If you want to stay completely inside Shotcut, you could use the High Pass filter on a speech track and raise the cutoff frequency just to the point that it starts to affect the speech. If there are other background noises at specific frequencies you can locate (look for bars on the Spectrum Analyzer graph that are taller than they should be outside the speech range), you could add a Notch filter at those frequencies with a bandwidth of 150 Hz or less and a rolloff of around 6.
If you’re willing to jump outside of Shotcut and use Audacity for noise reduction, be sure to take a look at the notes in the Audacity manual about how and when to apply the filter. The final sound can be very bad if filtering is done in the wrong order. Any artefacts generated can get unnecessarily amplified.
Audacity noise reduction filter manual: https://manual.audacityteam.org/man/noise_reduction.html
If you are willing to jump outside of Shotcut but you want even better results, and you’re willing to pay money for it, then take a look at iZotope RX Elements for $129. This is the same denoiser that major studios use, and I personally feel this is one area of the processing chain where open source software has miles to go before it catches up with commercial offerings. I paid money for iZotope because I felt it was that much better. I am not affiliated with them in any way.
https://www.sweetwater.com/store/detail/RX7El--izotope-rx-elements
The iZotope Elements Suite is only $199 if you also want Ozone for mastering. The transient shaper tool is especially useful for customizing snare drum sounds, if you’re into recording music performances.
https://www.sweetwater.com/store/detail/ElementsSte2--izotope-elements-suite-v4
The difference between Audacity and iZotope is that Audacity’s noise reduction method is basically a glorified graphic EQ filter. It uses spectral noise gating, which basically means it divides the frequency spectrum into 1025 bands like an old-school graphic equalizer on steroids. It is trained by analyzing a patch of noise to see how much energy is in each band. Once applied to your real audio (speech), if the energy in each band is not significantly higher than the noise fingerprint, the band gets reduced because the filter assumes there is no signal (speech) currently happening. Obviously, there will be artefacts because there isn’t a smooth transition between the 1025 bands, and the human ear is sensitive enough to hear any major changes applied between neighboring bands that wide.

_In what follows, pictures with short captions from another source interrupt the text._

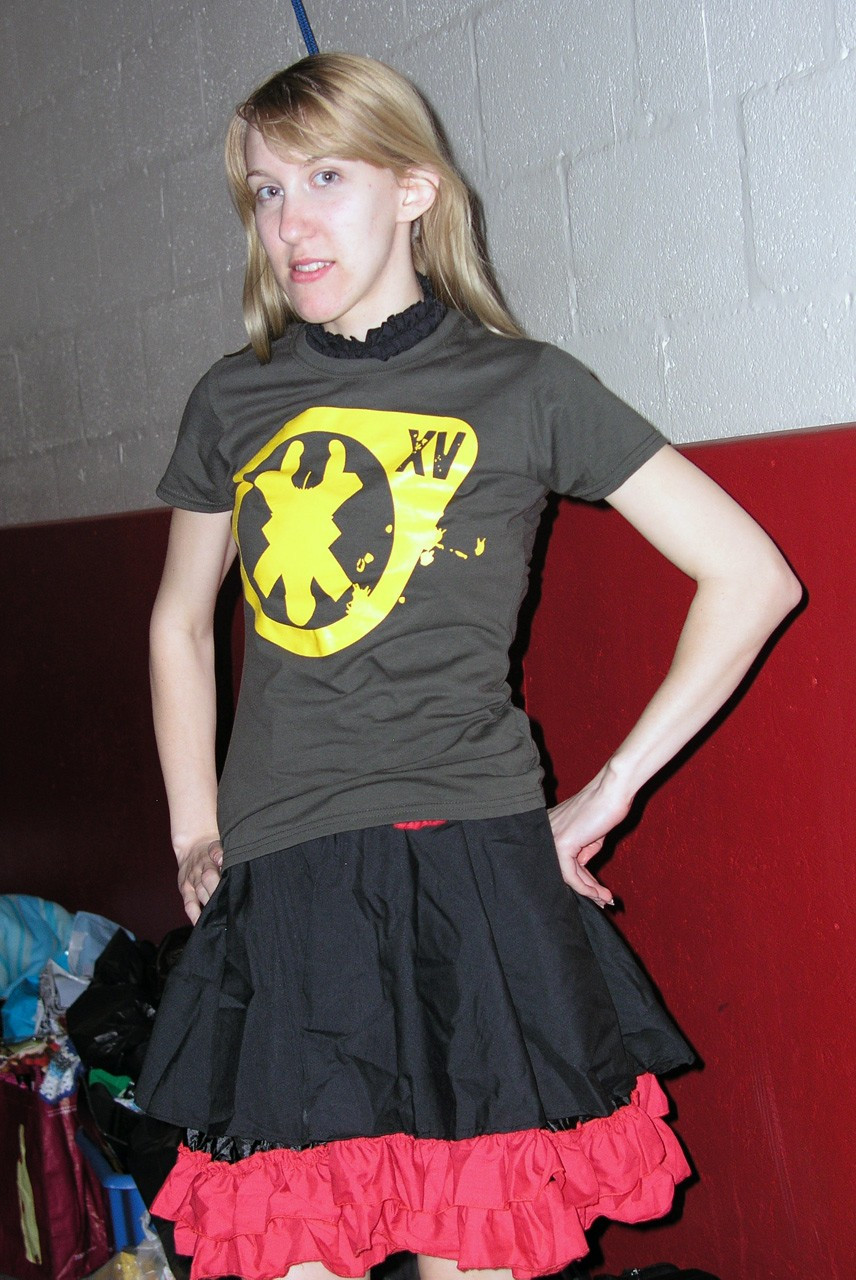 Rach modelling the LlamaLAN XV T-Shirt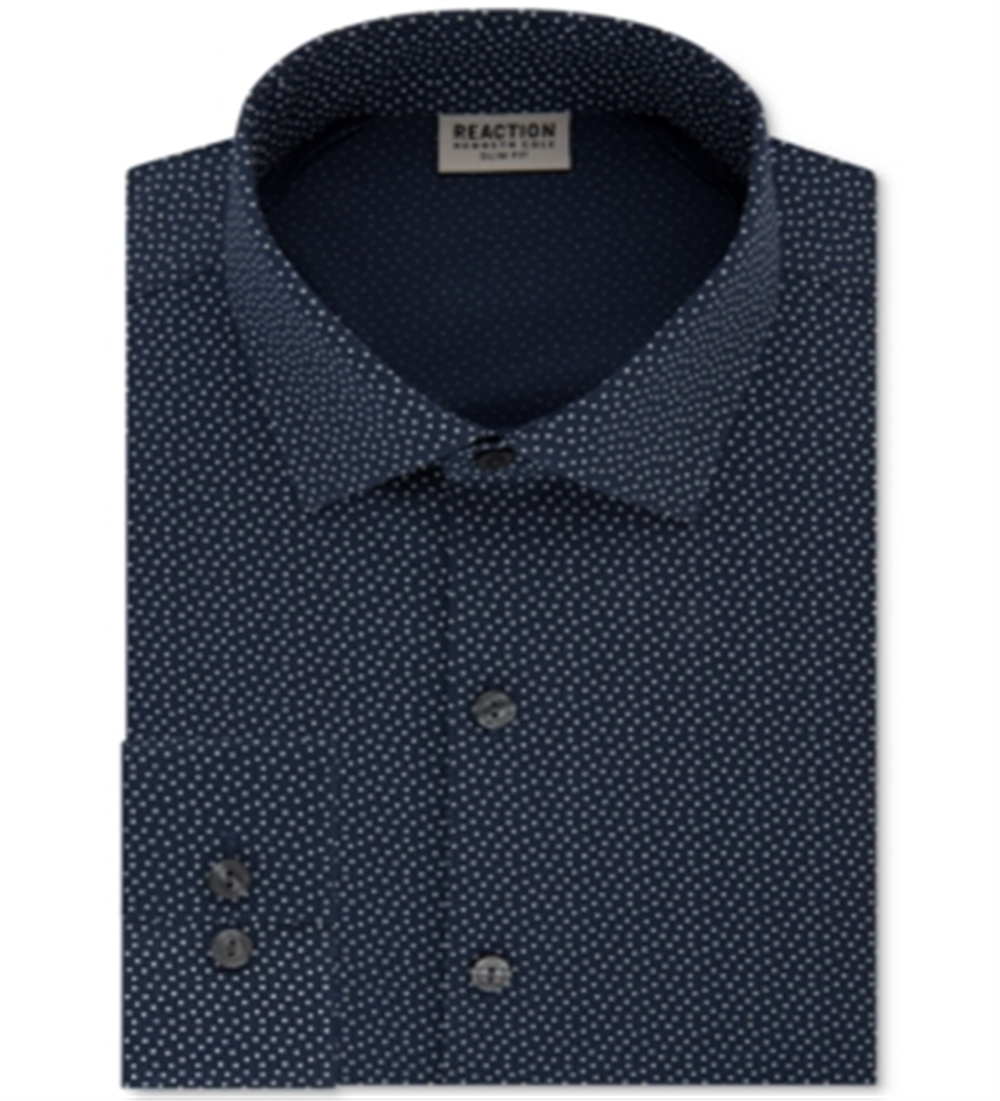 Camisa masculina Kenneth Cole Reaction Slim Fit com botões e gola azul, tamanho 34x35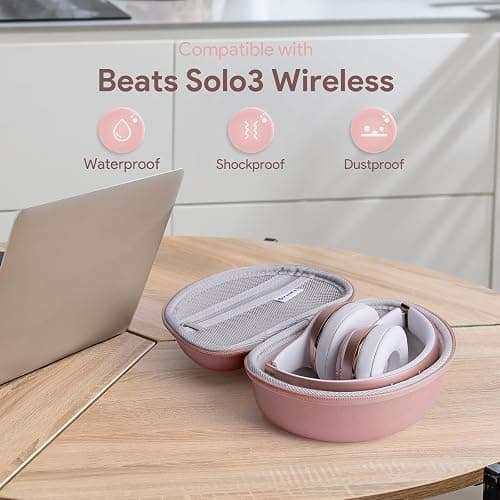 Case for Beats Solo3 /Solo 4 On-Ear Headphones, Portable Travel Hard Shell Storage Bag (Rose Gold) thumbnail 4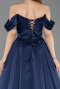 Tenue de Soirée Longue Satin Bleu Marine ABU5891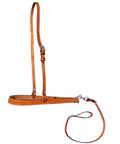 Argentina Cow Leather Adjustable Smooth Leather Noseband and Tie Down with A white background.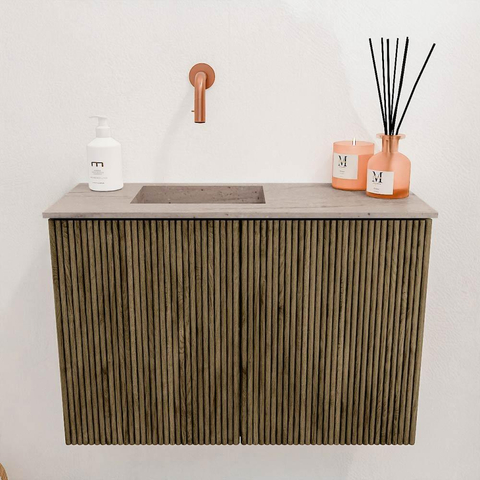 Mondiaz JOYA-DLUX 60cm toiletmeubel - kleur Dusk - Wastafel FAYE positie Links Zonder kraangat kleur Saba. SW1426050
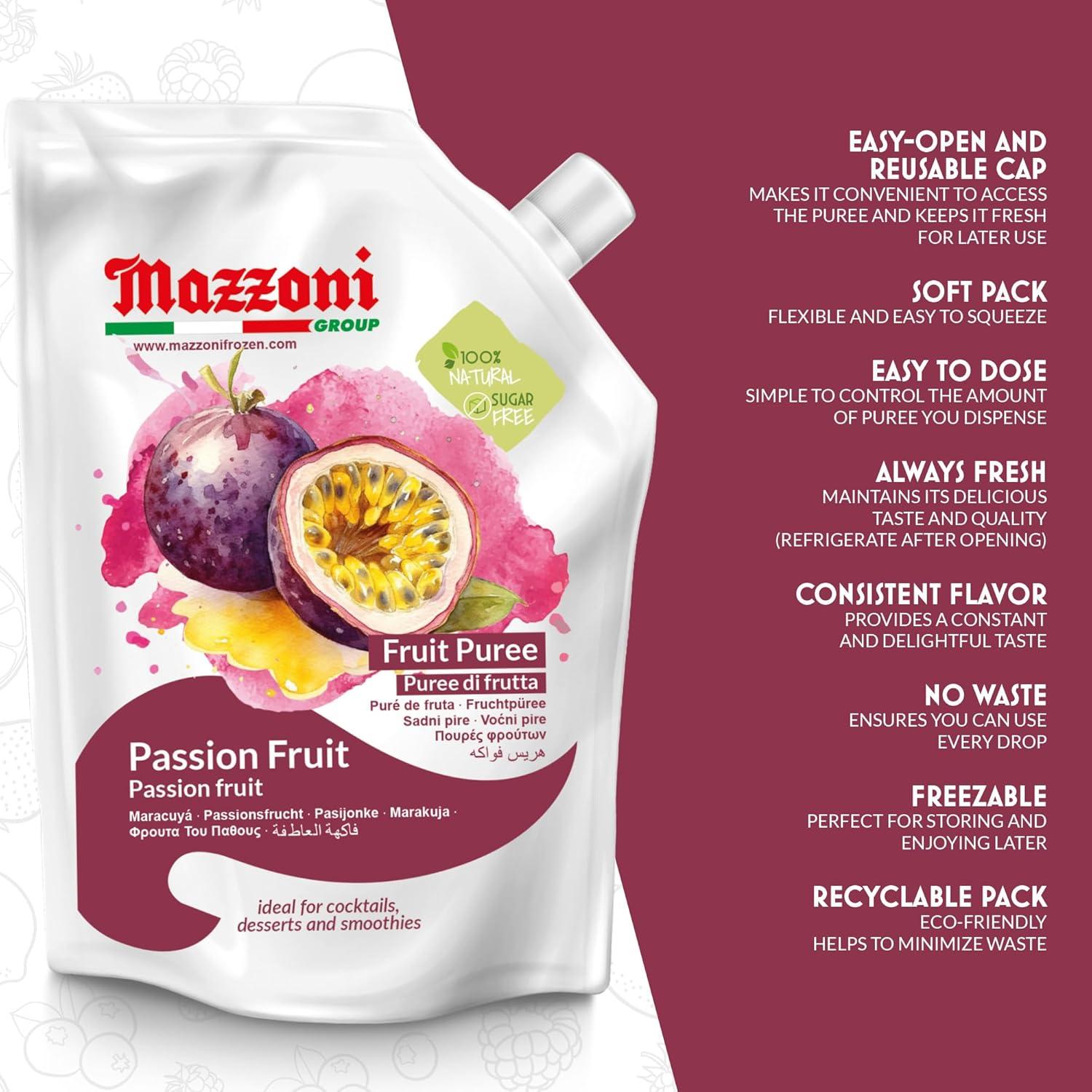 Purés de Fruta Mazzoni 100% Pasiflora 1 kg Sin Azúcar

Also, this technique is rendered useless if the noise profile pulses or changes over time, like vehicle traffic or crowd noise.

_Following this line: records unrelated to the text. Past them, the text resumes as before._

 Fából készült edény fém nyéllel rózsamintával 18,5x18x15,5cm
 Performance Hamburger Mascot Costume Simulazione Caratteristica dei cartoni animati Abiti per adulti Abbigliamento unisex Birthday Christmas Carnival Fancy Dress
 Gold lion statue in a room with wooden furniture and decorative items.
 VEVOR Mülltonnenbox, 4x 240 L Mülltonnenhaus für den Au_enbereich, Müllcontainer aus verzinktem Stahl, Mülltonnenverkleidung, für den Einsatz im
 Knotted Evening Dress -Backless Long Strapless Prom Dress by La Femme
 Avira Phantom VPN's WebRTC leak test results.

This isn’t to say Audacity’s NR is bad. I’m just saying that once you know how it works, you now know how to get the best results out of it. It works best in a controlled recording environment where any background noise is extremely consistent. Then Audacity’s method can provide great results.
If a controlled environment isn’t possible, then iZotope is your only real option. It uses a learning algorithm rather than static EQ binning, and is enormously more sophisticated which produces much better results.